Catatan: Pintu-pintu Ajaib di #UWRF17

November 27, 2017

image by Anggara Mahendra (#UWRF17 committee)

“Kafka tidak memandang bahwa menulis adalah sekadar hobi atau pekerjaan, tetapi sebagai pandangan hidup. Ia bukan hidup untuk menulis, melainkan hidup di dalam tulisan.”
—petikan kata pengantar dalam buku, Metamorfosis karya Franz Kafka.


Pintu Pertama

Malam ini saya sedang membalas chat dari Erich Langobelen, penulis asal Maumere, Nusa Tenggara Timur. Di status WA-nya ia mengunggah salah satu pantai yang ada di tempat ia tinggal. Sungguh indah dan menenangkan penglihatan saya. Awalnya saya menanggapi, “bawa saya ke sana...” lalu, dengan tenang, khas para bajak laut—begitu ia ingin dikenal—ia menjawab, “ada belasan bahkan puluhan pantai lain yang lebih bagus, Kakak, datanglah ke Flores. Saya bahagia sekali kalau dikunjungi oleh saudara-saudara saya dari pulau Jawa dan sekitarnya,” pada kalimat itu saya tertegun. Keributan soal ras-suku-agama, yang tersiar di media belakangan ini, percayalah, itu hanya sebagian kecil. Dan seperti dalam panel diskusinya yang bertema, Eastern Winds of Change, Erich menyampaikan kalau ketika sedang berkunjung ke suatu daerah di Indonesia, khususnya tempat ia dilahirkan, jangan merasa cukup dengan memandang dan mengagumi alamnya, lihat dan sapa juga orang-orang yang hidup di sana. Kami juga sama seperti kalian, kata Erich serius menatap mata audiens, kami manusia yang juga bisa berinteraksi. Ia menutup kalimatnya dengan senyuman ramah, dan tidak lama suara riuh tepuk-tangan penonton menggema.

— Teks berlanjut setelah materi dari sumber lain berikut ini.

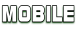 Cybadate For Mobiles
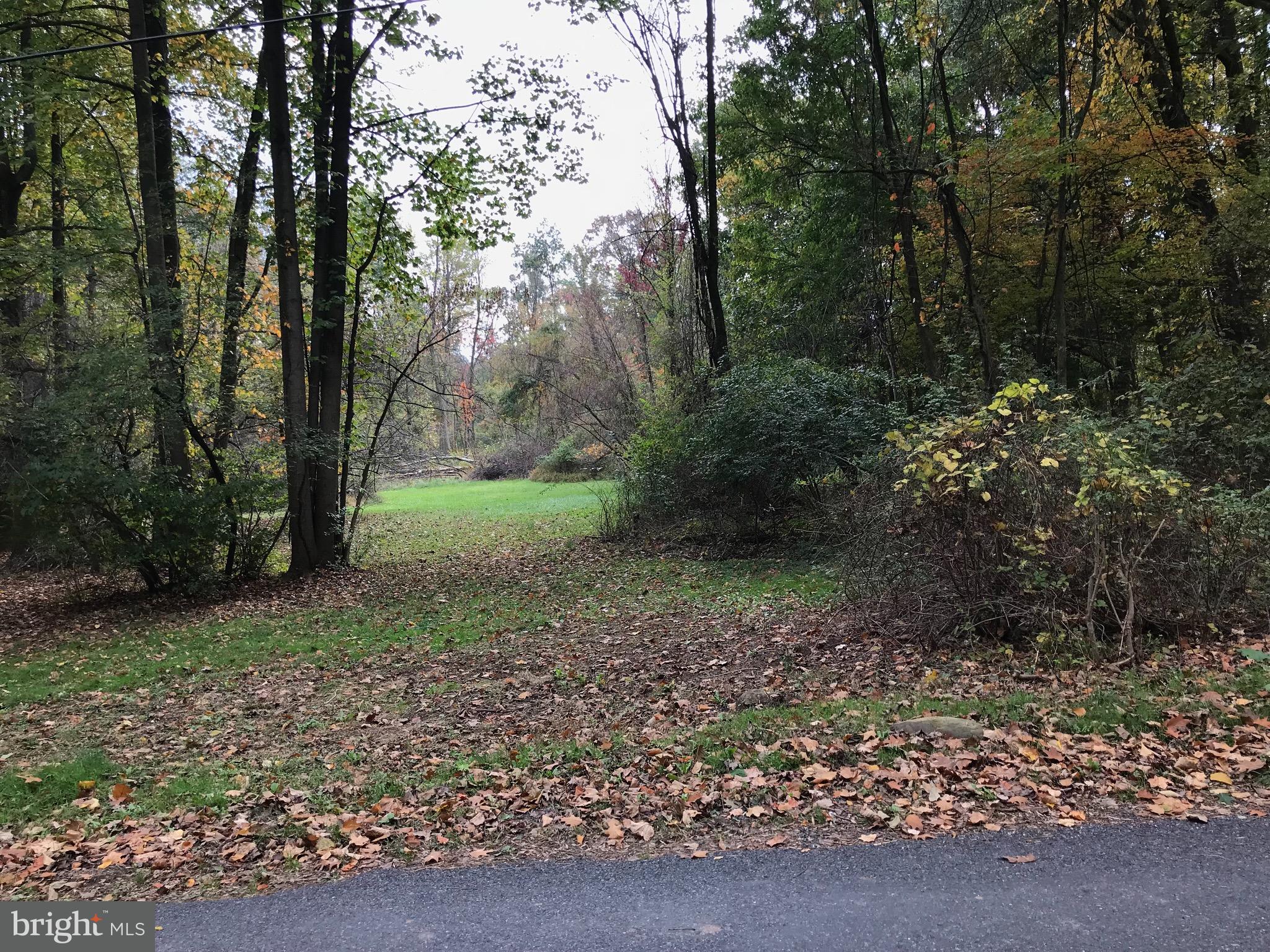 290 West Girl Scout Road Stevens, PA 17578 - Photo 1 of 3 Gallery Image 1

Potongan kecil kisah di atas adalah apa yang saya saksikan selama di Ubud Writers and Readers Festival 2017 (#UWRF17) akhir Oktober kemarin. Erich salah satu dari 15 penulis Emerging #UWRF17. Beruntung saya terpilih juga di antara 15 penulis Njedul (pinjam istilah Rofiqoh) itu. Sejak pulang dari Ubud saya bingung memulai dari mana untuk menceritakannya. Sebab terlampau banyak kejadian luar biasa yang saya alami sebagai penulis, paling tidak selama saya mulai memutuskan berkecimpung di dunia tulis-menulis akhir tahun 2012 lalu. Banyak sekali kawan yang meminta “oleh-oleh” berupa pengalaman apa saja yang saya boyong dari sana. Saya selalu berhenti pada kesimpulan yang pikiran saya buat sendiri, “ceritanya khawatir biasa bagi mereka”. Ya, itu yang saya khawatirkan. Bisa jadi cara saya menuliskan ulang “rekaman-kisah” itu yang basi, atau memang apa yang bagi saya menarik, bagi pembaca bisa jadi biasa saja karena sudah sering mengalami atau terlibat dalam acara yang serupa. Entahlah. Toh akhirnya muncul juga tulisan ini... wkwkw....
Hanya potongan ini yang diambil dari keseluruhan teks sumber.